Source

pep376 / docs / APIS.txt

Full commit
================
Developers guide
================

This document provides a detailed documentation on the classes implemented
for PEP 376, for developers that want to implement their own packaging 
system.

.. contents::

Classes
=======

The API is organized in five classes that work with directories and Zip files
(so it works with files included in Zip files, see PEP 273 for more details
[#pep273]_.

- ``Distribution``: manages an `.egg-info` directory.
- ``ZippedDistribution``: manages an `.egg-info` directory contained in a zip
  file.
- ``DistributionDir``: manages a directory that contains some `.egg-info`
  directories.
- ``ZippedDistributionDir``: manages a zipped directory that contains
  some `.egg.info` directory.
- ``DistributionDirMap``: manages ``DistributionDir`` instances.

Distribution class
------------------

A new class called ``Distribution`` is created with a the path of the
`.egg-info` directory provided to the contructor. It reads the metadata
contained in `PKG-INFO` when it is instanciated.
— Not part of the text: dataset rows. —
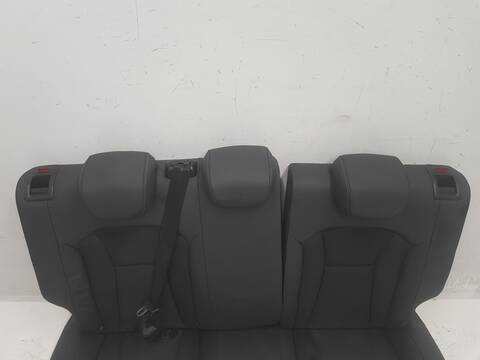 Foto 2ª: Juego Asientos Completos Audi A1 AMBITION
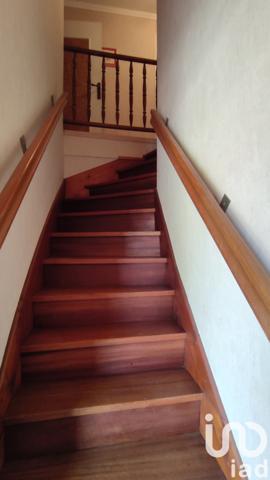 Maison à vendre 5 pièces 120 m² Saint-Lyé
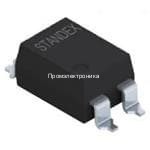 MEDER electronic (Standex) SMP-1A37-4ST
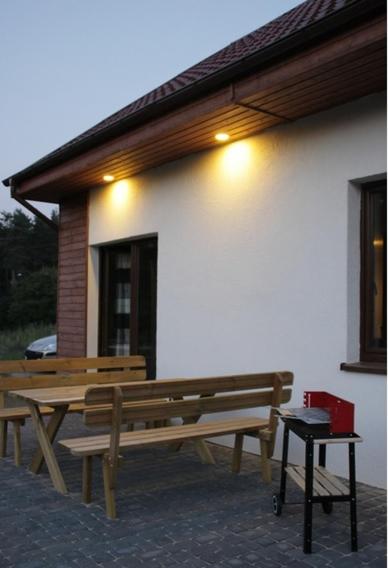 Agroturystyka Chycina - B&B Chycina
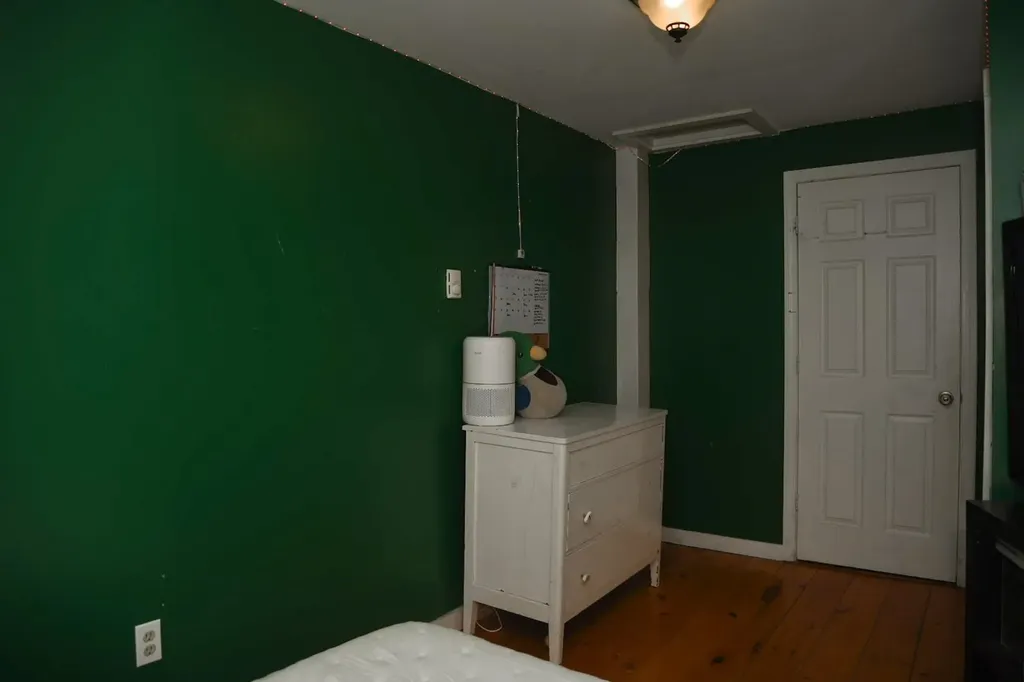270 Burns Hill Road Wilton NH 03086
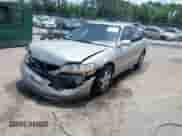 1998 Honda Accord EX with VIN 1HGCG6671WA055058, listed as a IAAI auction lot 42526616 with 274,878 mi miles and . Bid and sale history available at DreamBid. Image 2.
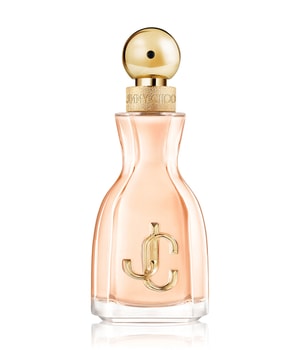 Jimmy Choo I Want Choo Eau de Parfum 40 ml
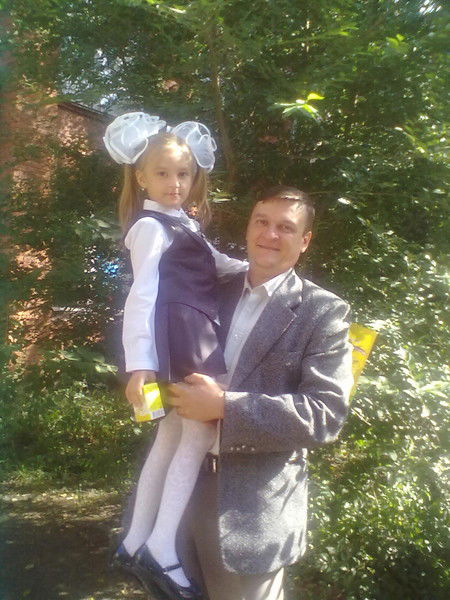 Тимофей Павлюшин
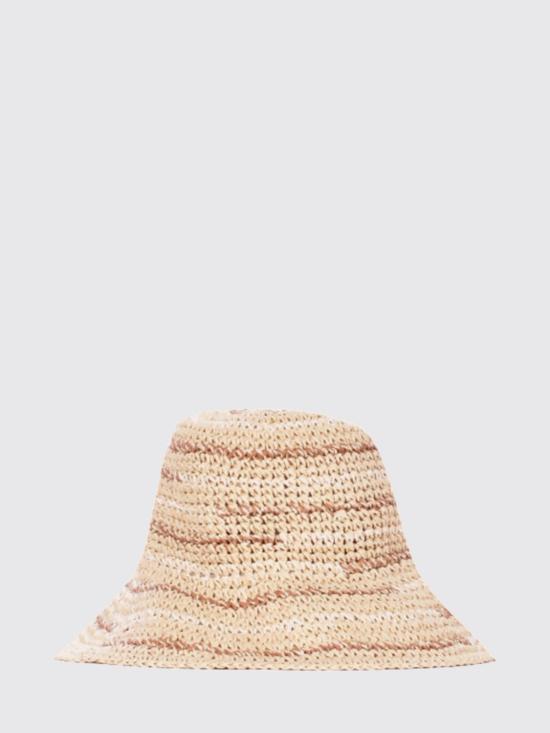 26SS 바버 버킷햇 LHA0574 BE11 Beige
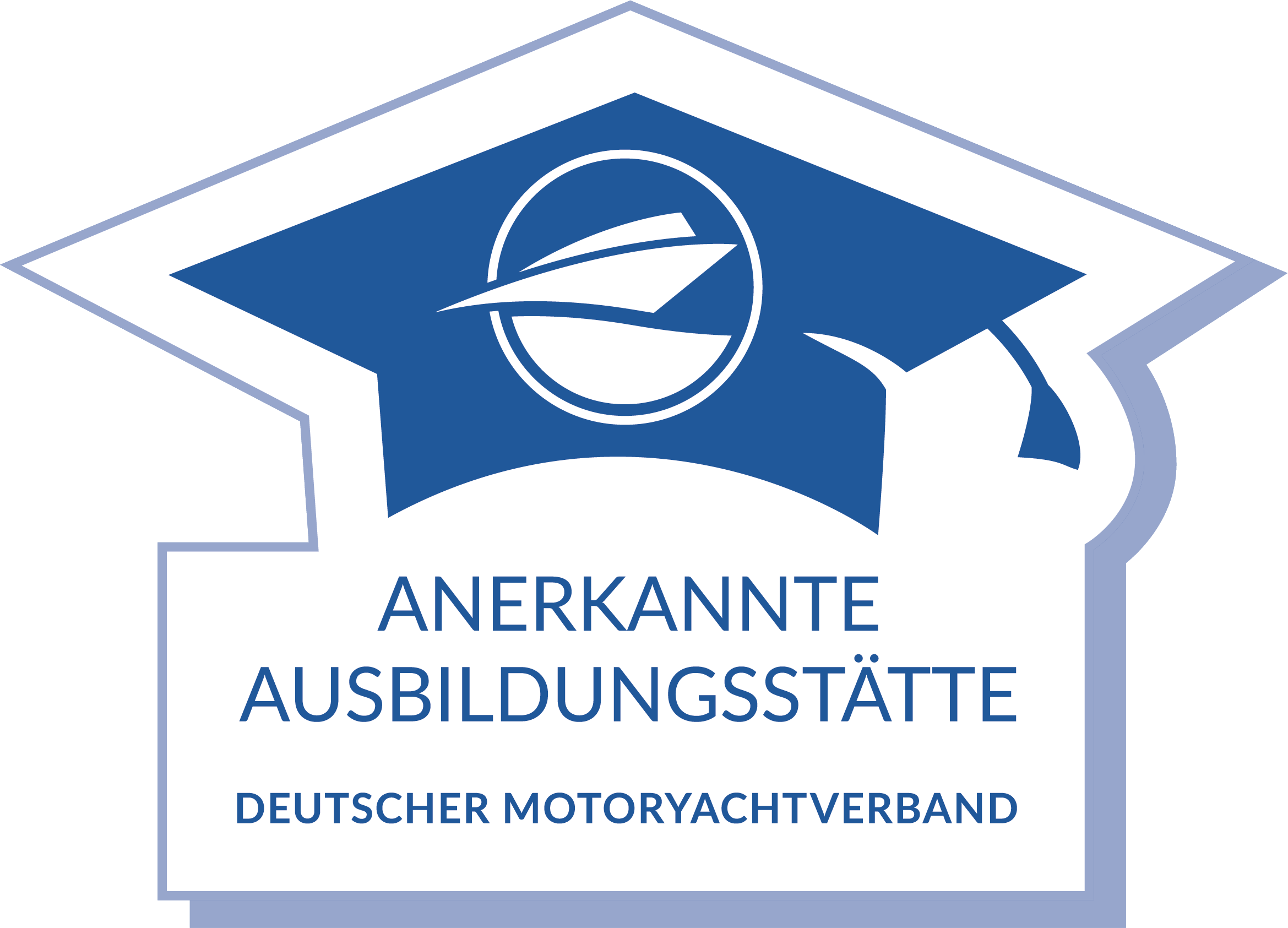 Anerkannte Ausbildungsstätte Deutscher Motoryachtverband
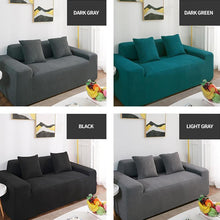 Load image into Gallery viewer, Magoloft™ Waterproof Universal Elastic Sofa Cover - 8 Colors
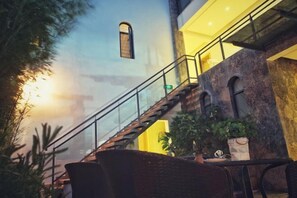 Interior - Yuer Inn (Dali)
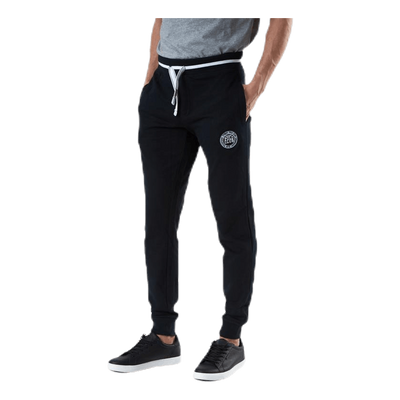 Kylan Sweatpant Black
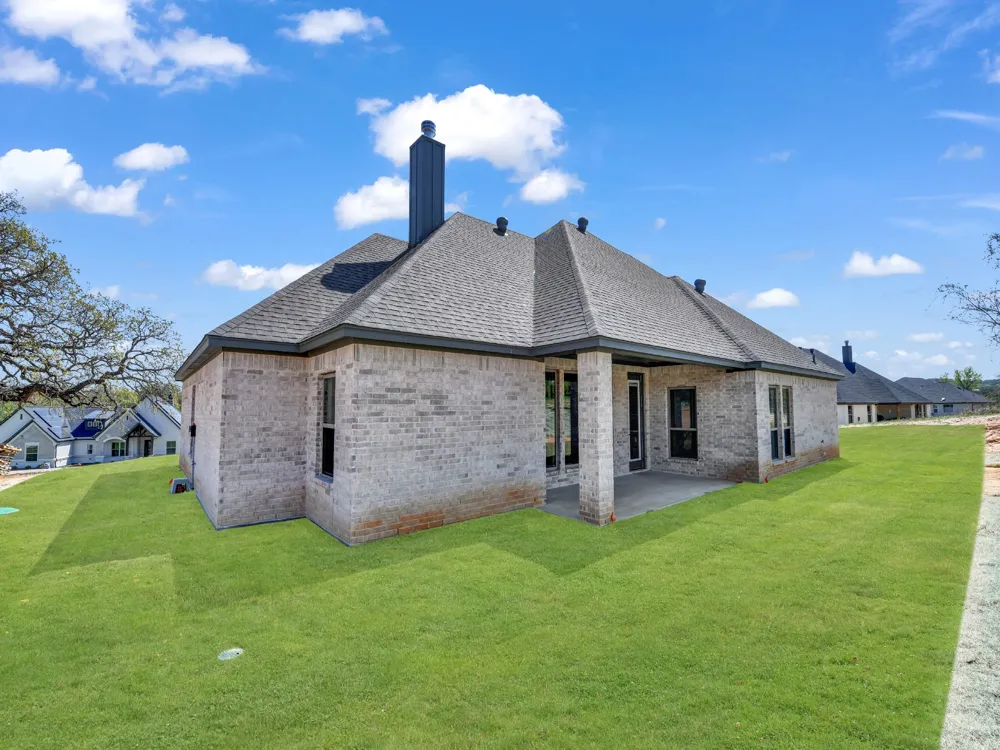 10016 Valley Oak Way Springtown, TX 76082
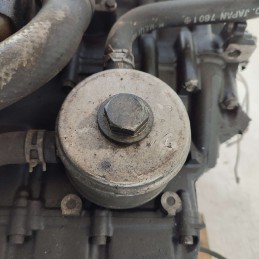 Motore blocco solo per ricambi moto funzionante Yamaha Fazer 600 2006 causa incidente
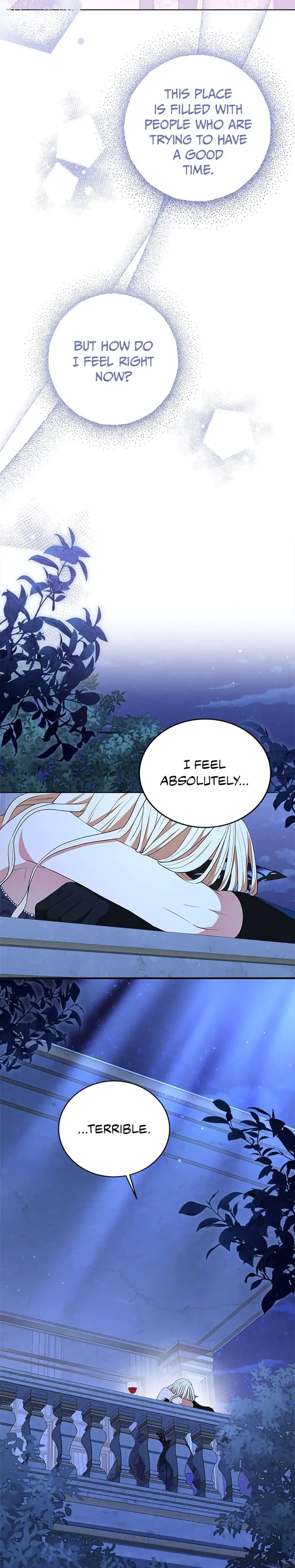 Please Look At Jasmine Chapter 5 - Page 6
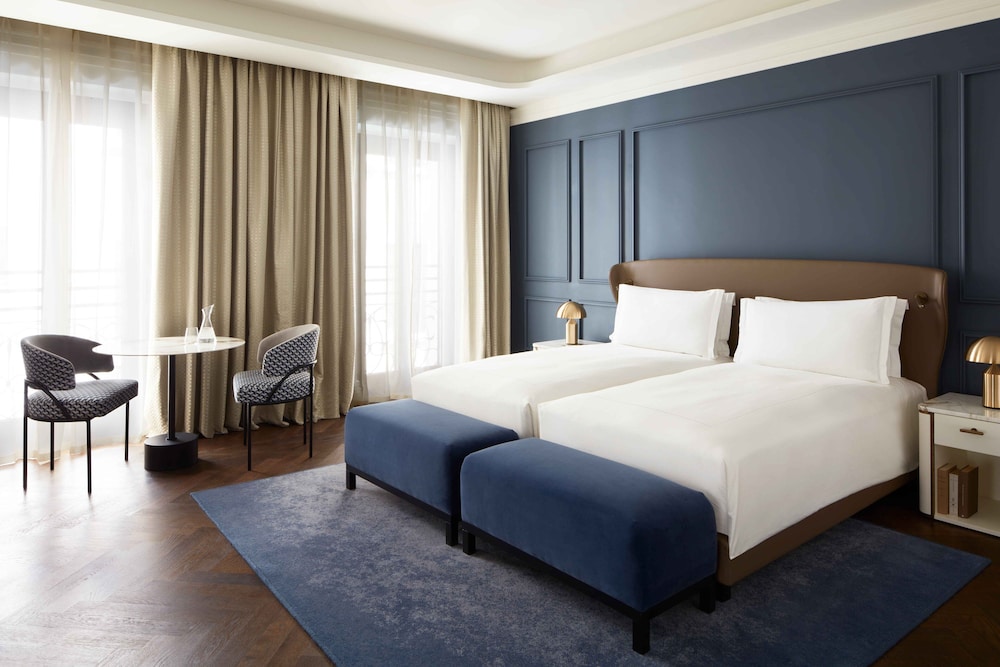 InterContinental Rome Ambasciatori Palace 9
``Distribution(path)`` -> instance

  Creates a ``Distribution`` instance for the given ``path``.

``Distribution`` provides the following attributes:

- ``name``: The name of the distribution.

- ``metadata``: A ``DistributionMetadata`` instance loaded with the
  distribution's PKG-INFO file.

And following methods:

- ``get_installed_files(local=False)`` -> iterator of (path, md5, size)

  Iterates over the `RECORD` entries and return a tuple ``(path, md5, size)``
  for each line. If ``local`` is ``True``, the path is transformed into a
  local absolute path. Otherwise the raw value from `RECORD` is returned.

  A local absolute path is an absolute path in which occurrences of '/'
  have been replaced by the system separator given by ``os.sep``.

- ``uses(path)`` -> Boolean

  Returns ``True`` if ``path`` is listed in `RECORD`. ``path``
  can be a local absolute path or a relative '/'-separated path.

- ``get_egginfo_file(path, binary=False)`` -> file object

   Returns a file located under the `.egg-info` directory.

   Returns a ``file`` instance for the file pointed by ``path``.

   ``path`` has to be a '/'-separated path relative to the `.egg-info`
   directory or an absolute path.

   If ``path`` is an absolute path and doesn't start with the `.egg-info`
   directory path, a ``DistutilsError`` is raised.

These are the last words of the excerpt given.